Best keynote of the year so far: Sascha Meinrath on Policy Hacking

1.

Instead of demanding fundamental changes, too often we have donned chains of silver and declared ourselves free. How else can we fool ourselves into declaring that everything from AT&T and Verizon’s networks, to the iPhone and the Android phone to be open? Open, really [laughs], not at all – how is it that we’re allowing functionality and fair use to be further and further inhibited by Windows, Mac and mobile device operating systems? Whatever happened to the notion of unbundled services through common carriage? What else is cloud computing, today’s big buzzword, if not a modern equivalent for mainframes and dumb terminals, a decades old business model for centralization and control?

2.

Unfortunately, media creation and the documentation and telling of our stories without the information dissemination component are entirely impotent. When Malcolm Matson asked the question, “Who will control local connectivity,” he exposed the fundamental question facing civil society at the dawn of the twenty-first century. Because what I learned quite quickly is that even when we created media, and documented local injustices, we had no means in our local community to disseminate this vital information to the rest of our local community. In essence, we were locked out of a public discourse. We were locked out, systematically disenfranchised from the media.

It will be well worth your time reading this keynote given recently at eComm 2009, it’s a warning against falling asleep at the wheel, thinking that, because we can communicate amongst ourselves, we automatically affect mainstream society and predatory policy making, without having to do the dirty work of policy hacking and political engagement.

Technological determinism has never worked, and never will, warns Sascha, calling for engagement against strong drives to neuter internet decentralisation.

Sascha Meinhart, a short excerpt:

“Lest we all drink too deeply from the draught of technological determinism, and declare victory is at hand, another word of caution; there is this massive behind-the-scenes, epic, political battle being waged inside the beltway, right now, between the forces that want to create this more open, distributed, participatory media and telecommunications future and those who favor a centralized, command and control regime, a reinstitution of command and control in all of these new media in telecommunications systems.

The threats we are currently facing in Washington, D.C., are quite daunting. My hope is that with history as our guide, and your active involvement and support, they are entirely surmountable. However, our vigilance is already waning. Too often, we are being lulled into this false sense of our own security. Yet, the re-institutionalization of centralization is all around us, even today.

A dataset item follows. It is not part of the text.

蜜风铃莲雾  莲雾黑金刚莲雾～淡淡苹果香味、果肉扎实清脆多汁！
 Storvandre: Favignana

As Mark Roettgering rightfully pointed out, vertical and horizontal conglomerization of media and telecommunications are at an unprecedented level. Tax and subsidy structures, from e-rates, to the universal service fund and inter-carrier compensation; anticompetitive mandates, for example, state laws preventing municipalities from deploying telecommunications networks, and slap lawsuits against those that legally do so, and the elimination from AUP free access over dumb networks are eroding any semblance we once may have had to a healthy and fair market.”